Monday, April 26, 2010

Fantasy vs. Reality

Allow me to share my most frequent fantasy. Put aside the pity that it's not about living a glamorous life, not about sex, not even about travel. No, it's about my ideal home.


I picture a small perfect house. No clutter - nothing on the countertops, sparse shelves, organized drawers and closets. I have what I need, but no more. It's clean (so easy when there's no clutter!) and neat (a place for everything and everything in its place). As heretical as it seems for the daughter/granddaughter of art dealers, even the walls are clear. Maybe one painting, situated where I can sit and really appreciate it. One or two beautiful things on the shelves, things that I can appreciate because they're not competing for my attention with 20 other knick-knacks.


In my ideal house, there is seating for the number of people living in it, exactly the right number of plates, spoons, cups for our family to have one meal, a few days' worth of clothes (that all fit and are in good shape), only the books that we are in the middle of reading. We could pack up all of our personal stuff and fit it in the back of the car - furniture excepted. I would get rid of most of the furniture, too - when you don't have so much stuff, you don't need so much furniture to hold it. Goodbye bookshelves, storage cabinets, coffee tables, and dressers! Goodbye dusting and polishing them, too.


To some people, this sounds cold. To me, it sounds peaceful. Right now, though, it's a complete fantasy. Like pornography for the clutter-obsessed.


Right now, there are at least 10 books in the middle of being read in my kitchen alone. Also a baseball uniform belt, a car made of legos, a frisbee and a metal water bottle. There are games and puzzles scattered across the dining room table. Mementos from our travels dot the landscape of our living room (along with blankets from yesterday's movie date with the kids, cast-off shoes, and, oddly, a single Polly Pockets dress, slightly chewed). Let's not even enter the kids' rooms - at least without shoes on. Those legos are sharp! The bookshelves are overflowing and I'm scared to open the cabinets at the end of the hallway because avalanches have been known to happen there. There are dirty clothes hiding in places I haven't even thought to look.

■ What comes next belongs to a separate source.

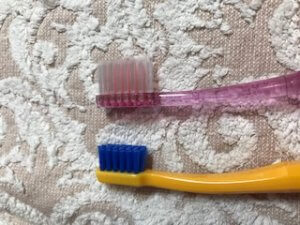 ５０代女性　クラプロックスの歯ブラシ　ヘッドの大きさ比べた写真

I could probably get my fantasy house right now by yelling at my family about every discarded sock, nagging at my husband about making the bed, and following behind my children picking up every last thing. I do many of these things from time to time, much to my chagrin. It's not worth the trade-off, though. Because in the end, I know that I'll have my dream of peace one day - just not in the near future. Right now, I need to embrace the chaos that comes with having three young children, a dog, a busy life, and way too much of everything. I need to recognize that much of the clutter is a sign of an active, engaged, enthusiastic family - and that I'll miss those legos one day too soon.


Those cabinets at the end of the hallway, though -- they're about to meet their match!